Boss and Lynch said mutual‑aid relationships and long‑standing regional partnerships helped secure a timely transition. Boss named American Ambulance executives she has worked with—owner and CEO Todd Valeri (not present), President and CEO Eric Peterson, and the American Ambulance contact Ben Wheely—and thanked Pistoresi owner Ted Pistoresi for providing notice and coordinating the handoff.
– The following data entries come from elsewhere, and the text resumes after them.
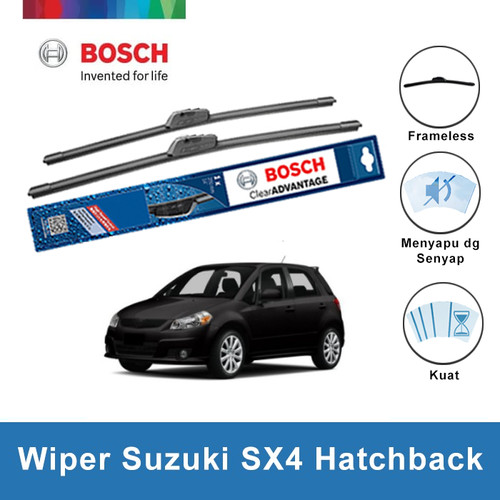 [EZR.2400552] Bosch Sepasang Wiper Frameless New Clear Advantage SX4 Hatchback 26&14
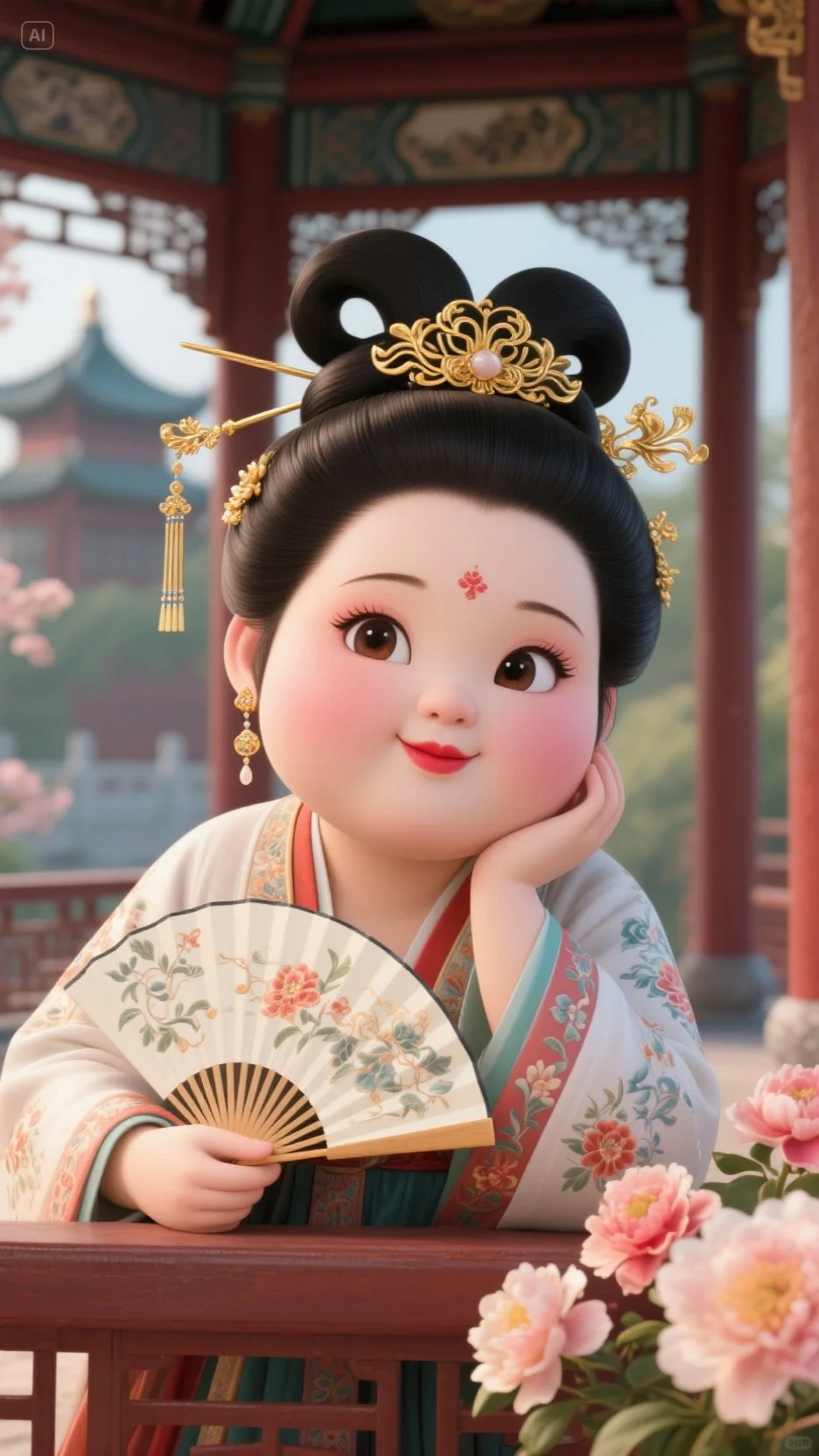 有一个姑娘叫唐朝胖小美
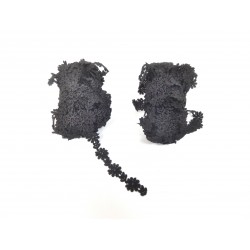 LOT 20M DE GALON NOIR MOTIFS FLEURS LARGEUR 1,7CM EN 2 COUPES DE 10M
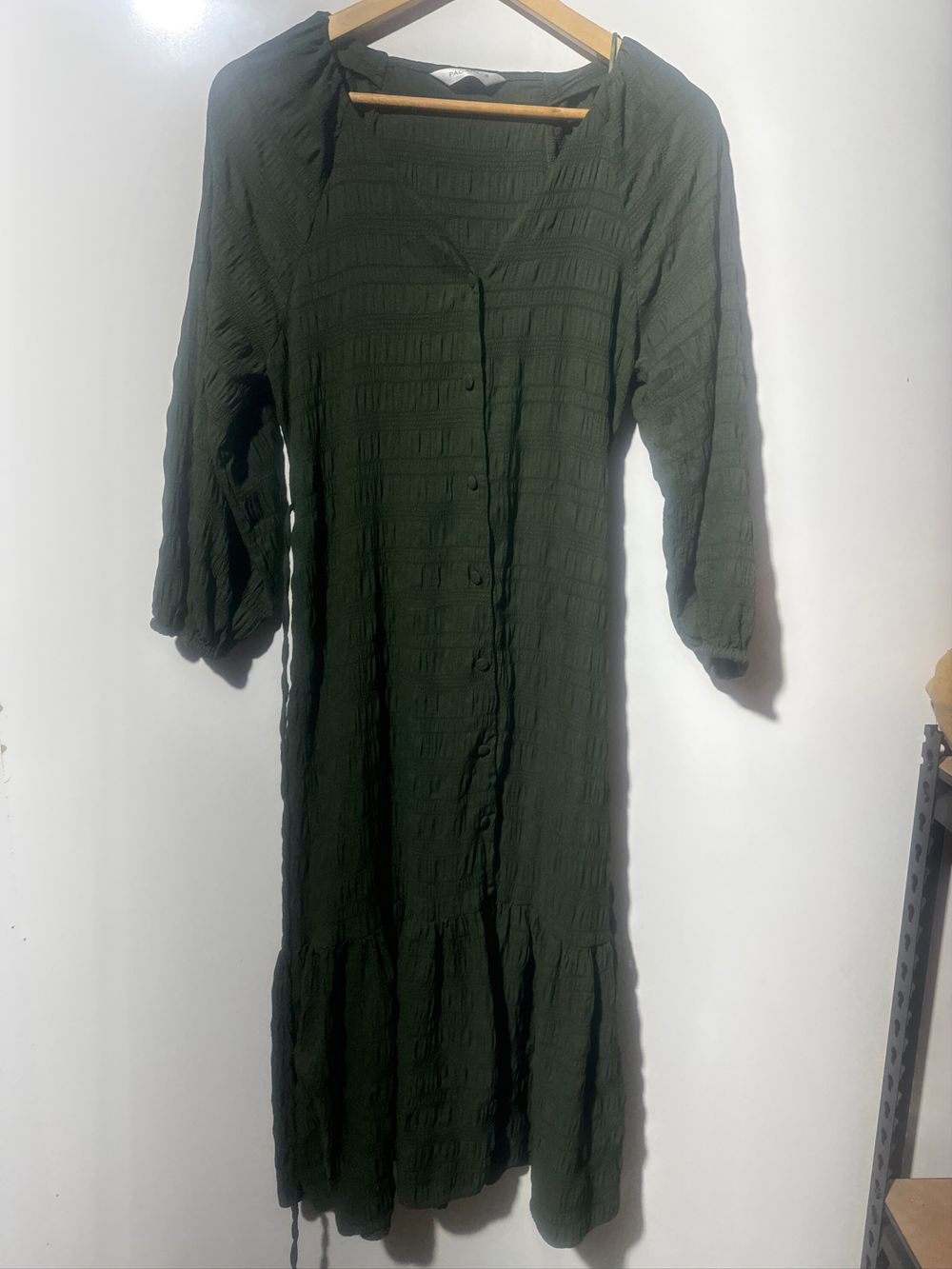 strapless open back dress Kate Middleton Dark Forest Green Autumn Winter Fit Flare Long Sleeve M –  opalroyaleclothing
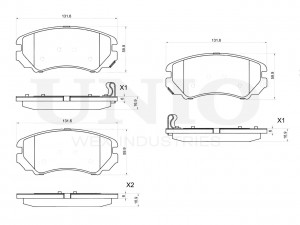 Колодки тормозные диск. передние BRP-20249 UNIO
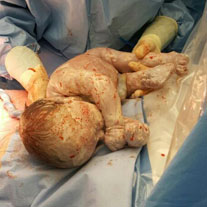 keizersnede geboorte baby
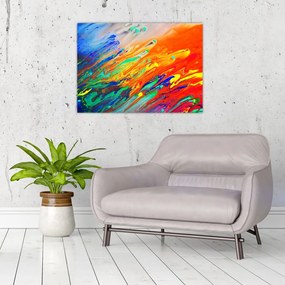 Obraz - Kolorowa abstrakcja (70x50 cm)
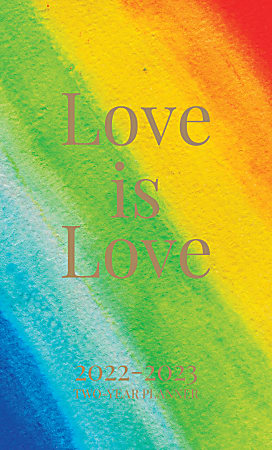 Graphique 2-Year Pocket-Size Planner, 3-3/4" x 6, Love, August 2021 To January 2023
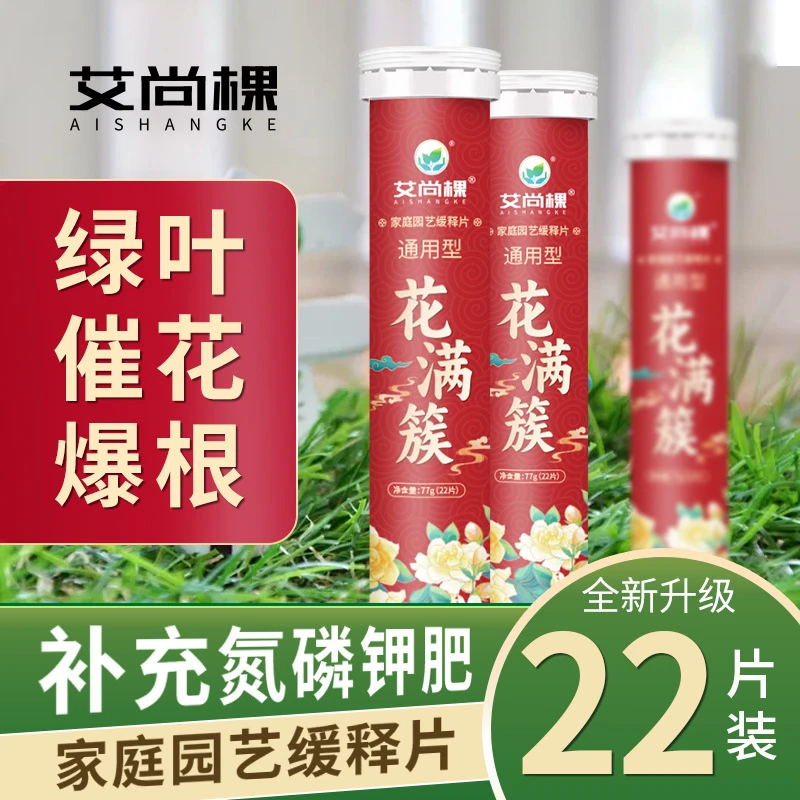 植物园艺缓释营养片控释肥氮磷钾室内通用型绿植花卉肥料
Supervisors praised Pistoresi's decades-long service. Supervisor Gary Gonzales (chair) and Supervisor Rogers each thanked the Pistoresi family for years of service; Supervisor Poitras and Supervisor McCauley said they have confidence in American Ambulance and noted the company has broader resources. McCauley asked about a CAD‑to‑CAD dispatch integration; Boss said a quote is in hand and staff expect to move forward after funding is finalized.

The board approved the contract amendments and the new five-year agreement by unanimous roll call vote.

Votes at a glance: - Amend Madera County Contract No. 12846‑24 (Ambulance Services of Madera Inc.) to change term to Nov. 15, 2025 — approved 5–0 (Supervisor Rogers; Supervisor Poitras; Supervisor Wamhof; Supervisor McCauley; Chair Gary Gonzales). Motion/second: not specified in transcript. - Amend Madera County Contract No. 12847‑24 (Pistoresi Ambulance Service Inc.) to change term to Nov. 15, 2025 — approved 5–0. - Enter agreement with American Ambulance (to assume valley ambulance service) commencing Nov. 15, 2025 for five years — approved 5–0.

What changed and what follows: Pistoresi will stop billing county service areas after Nov. 15; the county will finalize the new agreement documents and correct the vendor naming on the amended contract. Staff said they will continue to monitor response times, mutual‑aid impacts (including recent demands on Pistoresi to respond into neighboring Merced County), and the CAD‑to‑CAD project that could speed mutual‑aid dispatching. No additional funding or budget amounts for the new agreement were provided at the hearing.

The board acted as the county board of supervisors and took these steps in open session; no closed‑session reportable actions were disclosed related to ambulance service.